Please find Graham’s responses below. Enjoy!
RT Writeups: How did you first come across the film LITTLE PIECES?
Graham: Little Pieces was advertised on StarNow, I liked the sound of the film, the role of David was something I felt I could deliver with genuine feeling, so I applied; the auditions were quite tough, there were about 5 or 6 on the panel, I had to act drunk.
RT Writeups: You have a great and complex background in the film industry. Please tell me where does LITTLE PIECES sit with you in terms of personal achievement?
Graham: I’m very proud of Little Pieces, my main area in the Industry is live Theatre, but Little Pieces has to rank number one on my list of film roles, to create such a wonderful film on such a low budget was a stroke of genius from Adam.

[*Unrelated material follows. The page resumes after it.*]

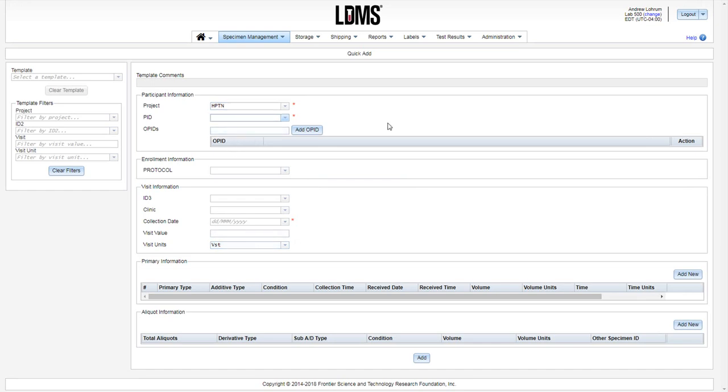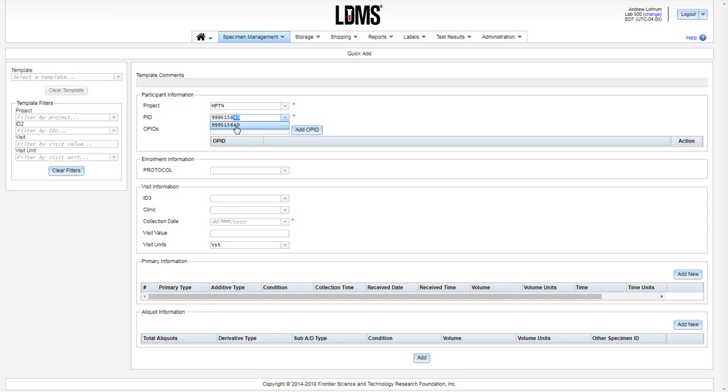Return to the Participant Information section and enter your PID. Note as I'm typing, it's filtering through the available participants in my LDMS. When you make your initial entry for a participant, it'll be a brand new PID. Every subsequent entry, it'll be available in this menu and you can select it.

RT Writeups: Your portrayal of an alcoholic father is very impressive and obviously distressing at times – Did you find it hard to get yourself in the mind-set for this character on a regular basis?
Graham: I drew from a lot of personal experience to develop David, I have lived around alcoholism for a large part of my adult life, not me, but a very close family member, I also lost everything when my Business collapsed in the credit crunch, plus my marriage, so I understood exactly what total despair was, I didn’t have any problem getting into character each day, but that’s really down to my theatrical background, I’m able to go from being me to the character I’m playing very easily, I’m not one of those actors that has to hide away, not talk to someone to drag up all the feelings they need.
RT Writeups: What was it like to work with Adam Nelson? Have you worked with him before?
Graham: I’d never worked with Adam before, Adam was very easy going, we talked about each scene as it came along, and he just allowed me and Matt to just go for it, we used the script more as a guide, much of what we say was improvised, just ensuring that we got the message Adam wanted across to the viewer.
Adam is the most talented writer I have come across, he has a talent for creating complex situations with the simplest of words, so clever.
Since the film Adam and I have kept in constant contact, we only live 10 miles apart, we are currently working on a couple of other projects, both feature films, Adam also manages my Show reel.
RT Writeups: Individually, what did you find to be the most challenging aspect of your role?
Graham: I’ve got three answers for that one, working with an all-male team meant that the catering wasn’t particularly good, in fact, non-existent, so much so that we had quite a few ruined scenes due to the sound pole man continually having a rumbling belly, and whilst they always had coffee in the rest room, we had to steal the milk from fridges belonging to other departments in the College we were using, and often pinch cups and spoons, in fact spoons were so rare, that once we found one, Adam cello taped it to the wall.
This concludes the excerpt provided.